FACTS AND PROCEDURAL HISTORY
JCP purchased an undivided one-half interest in a certain tract of family land
owned in Catahoula Parish. JCP then filed suit against the owners of the other one-
half interest, four named non-resident absentee heirs (hereafter the Thomas Heirs),
to have the subject property partitioned by licitation.
On May 27, 2008, an attorney curator, Clinton A. Magoun, was appointed to
represent each of the Thomas Heirs. On May 29, 2008, Mr. Magoun was served on
behalf of the Thomas Heirs. However, Mr. Magoun failed to contact any of the
absentee heirs and did not file any responsive pleadings on their behalf. On
September 22, 2008, a preliminary default was entered against the Thomas Heirs. On
November 24, 2008, a default judgment was rendered against them, ordering the
Catahoula Parish Sheriff to sell the property at public sale, without appraisal. The
sale was held on March 4, 2009, and JCP purchased the undivided interests of the
Thomas Heirs for the sum of $21,000.00.
The Thomas Heirs refused the sale proceeds and on May 13, 2009, filed a third
party action against JCP, Mr. Magoun, and the Catahoula Parish Sheriff seeking to
annul the judgment ordering partition by licitation of the property and for damages
suffered. The Thomas Heirs alleged Mr. Magoun, the curator, did not provide them
with any notice of the suit to partition their property by selling it at public sale. They
also alleged Mr. Magoun failed to object to the property being sold without benefit
of appraisal and he neglected to perform other required duties. They specifically
contended the failure of Mr. Magoun to perform his required duties amounted to an
-1- ill practice and entitled them to have the Judgment of Partition annulled and the
Sheriff’s sale rescinded.
On June 23, 2009, the Thomas Heirs filed an amended petition alleging that
counsel for JCP committed an ill practice by never informing Mr. Magoun of his
intent to take a default judgment against them. They also alleged the court minutes
and transcript showed no proof that the property was not susceptible to partition in
kind. They maintained their request to annul the default judgment and rescind the
Sheriff’s sale.
On September 29, 2009, Mr. Magoun filed an answer wherein he admitted he
was unable to provide the Thomas Heirs notice of the suit for partition by licitation.

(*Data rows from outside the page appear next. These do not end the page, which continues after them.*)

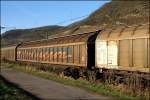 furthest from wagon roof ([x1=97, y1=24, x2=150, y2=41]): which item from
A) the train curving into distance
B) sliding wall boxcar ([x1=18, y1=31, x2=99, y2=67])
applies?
sliding wall boxcar ([x1=18, y1=31, x2=99, y2=67])

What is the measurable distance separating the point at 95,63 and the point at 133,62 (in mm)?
5397

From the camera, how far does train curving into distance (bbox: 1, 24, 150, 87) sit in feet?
63.1

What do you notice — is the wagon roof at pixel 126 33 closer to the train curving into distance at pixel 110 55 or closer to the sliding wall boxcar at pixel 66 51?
the train curving into distance at pixel 110 55

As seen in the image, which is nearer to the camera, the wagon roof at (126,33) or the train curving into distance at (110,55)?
the train curving into distance at (110,55)

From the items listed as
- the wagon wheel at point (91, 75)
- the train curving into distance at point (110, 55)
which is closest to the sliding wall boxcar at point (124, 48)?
the train curving into distance at point (110, 55)

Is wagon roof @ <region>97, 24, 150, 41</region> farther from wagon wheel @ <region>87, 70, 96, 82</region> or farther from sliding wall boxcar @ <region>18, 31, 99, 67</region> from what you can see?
sliding wall boxcar @ <region>18, 31, 99, 67</region>

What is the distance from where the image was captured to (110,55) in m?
22.8

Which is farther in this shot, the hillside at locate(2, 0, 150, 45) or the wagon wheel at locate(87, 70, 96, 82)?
the hillside at locate(2, 0, 150, 45)

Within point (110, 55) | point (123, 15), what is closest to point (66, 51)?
point (110, 55)

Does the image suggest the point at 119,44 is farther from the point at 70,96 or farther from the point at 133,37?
the point at 70,96

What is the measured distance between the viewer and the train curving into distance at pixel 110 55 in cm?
1923

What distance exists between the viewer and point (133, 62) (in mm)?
19891

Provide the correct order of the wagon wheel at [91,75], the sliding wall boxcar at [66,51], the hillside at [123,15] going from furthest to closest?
the hillside at [123,15] → the sliding wall boxcar at [66,51] → the wagon wheel at [91,75]

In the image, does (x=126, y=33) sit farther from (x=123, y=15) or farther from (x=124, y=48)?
(x=123, y=15)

He maintained he had no last known addresses or forwarding information for the
Thomas Heirs. Mr. Magoun stated he saw counsel for JCP several times between
June and October of 2008, but received no indication of JCP’s intent to pursue a
default judgment against the Thomas Heirs.

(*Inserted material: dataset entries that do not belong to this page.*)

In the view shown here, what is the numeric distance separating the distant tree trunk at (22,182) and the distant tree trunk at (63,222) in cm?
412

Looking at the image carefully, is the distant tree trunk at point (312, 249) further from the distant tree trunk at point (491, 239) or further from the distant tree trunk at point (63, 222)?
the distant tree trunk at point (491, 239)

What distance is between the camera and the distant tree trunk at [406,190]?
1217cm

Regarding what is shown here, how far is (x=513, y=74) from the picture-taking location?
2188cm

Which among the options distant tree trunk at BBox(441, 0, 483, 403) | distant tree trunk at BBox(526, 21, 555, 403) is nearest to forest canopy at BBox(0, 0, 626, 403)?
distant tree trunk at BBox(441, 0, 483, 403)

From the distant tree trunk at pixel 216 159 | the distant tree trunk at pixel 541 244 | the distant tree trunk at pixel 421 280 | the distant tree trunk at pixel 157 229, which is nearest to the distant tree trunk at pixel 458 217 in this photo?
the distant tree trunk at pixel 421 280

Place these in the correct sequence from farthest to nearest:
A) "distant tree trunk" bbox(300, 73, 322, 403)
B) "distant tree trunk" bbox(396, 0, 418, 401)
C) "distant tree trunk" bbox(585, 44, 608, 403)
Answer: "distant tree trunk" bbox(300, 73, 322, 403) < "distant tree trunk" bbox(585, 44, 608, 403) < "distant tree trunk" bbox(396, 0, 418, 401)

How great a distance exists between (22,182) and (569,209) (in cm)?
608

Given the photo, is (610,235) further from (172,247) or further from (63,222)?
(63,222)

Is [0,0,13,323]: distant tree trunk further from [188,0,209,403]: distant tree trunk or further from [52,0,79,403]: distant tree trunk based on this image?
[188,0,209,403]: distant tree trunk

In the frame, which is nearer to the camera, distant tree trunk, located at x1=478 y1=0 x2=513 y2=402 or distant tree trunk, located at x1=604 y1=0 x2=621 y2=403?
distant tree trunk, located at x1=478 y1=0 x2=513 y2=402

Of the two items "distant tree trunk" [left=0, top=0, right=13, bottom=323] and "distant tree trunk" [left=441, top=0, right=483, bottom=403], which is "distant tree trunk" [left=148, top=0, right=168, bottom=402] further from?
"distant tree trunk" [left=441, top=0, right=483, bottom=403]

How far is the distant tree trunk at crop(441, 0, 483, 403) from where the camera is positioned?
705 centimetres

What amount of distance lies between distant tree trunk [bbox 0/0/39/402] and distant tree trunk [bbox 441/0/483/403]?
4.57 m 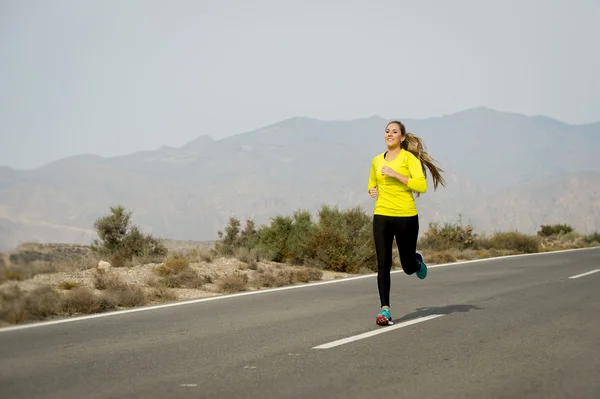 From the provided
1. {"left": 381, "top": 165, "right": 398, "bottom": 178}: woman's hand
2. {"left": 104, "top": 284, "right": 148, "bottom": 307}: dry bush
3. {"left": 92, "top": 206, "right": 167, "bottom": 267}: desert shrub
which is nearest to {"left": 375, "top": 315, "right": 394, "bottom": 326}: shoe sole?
{"left": 381, "top": 165, "right": 398, "bottom": 178}: woman's hand

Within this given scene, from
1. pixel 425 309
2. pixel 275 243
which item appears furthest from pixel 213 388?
pixel 275 243

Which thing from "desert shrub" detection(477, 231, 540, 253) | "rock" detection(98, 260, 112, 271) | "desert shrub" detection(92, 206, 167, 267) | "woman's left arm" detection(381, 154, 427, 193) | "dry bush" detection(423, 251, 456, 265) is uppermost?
"desert shrub" detection(92, 206, 167, 267)

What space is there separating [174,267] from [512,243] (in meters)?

On October 15, 2009, the Thomas Heirs filed a Motion for Summary Judgment
alleging there were no genuine issues of material fact concerning whether they ever
received notice of the partition suit or any notice of the default judgment, and thus
they were entitled to a judgment annulling the default judgment. The court noted the
purpose of the appointment of a curator is to represent the interests of the absentee
defendant(s), and Mr. Magoun failed to adequately do so. The court concluded the
Thomas Heirs were entitled to judgment as a matter of law, finding the circumstances
under which the default judgment was rendered showed their legal rights were
violated and the enforcement of the default judgment would be unconscionable and
inequitable as set forth in Power Marketing Direct v. Foster, 05-2023 (La. 9/6/06),
938 So.2d 662. Accordingly, the trial court annulled the Default Judgment of
-2- Partition and the Sheriff’s sale. JCP appeals.
ANALYSIS
The standard of review for motions for summary judgment is well established.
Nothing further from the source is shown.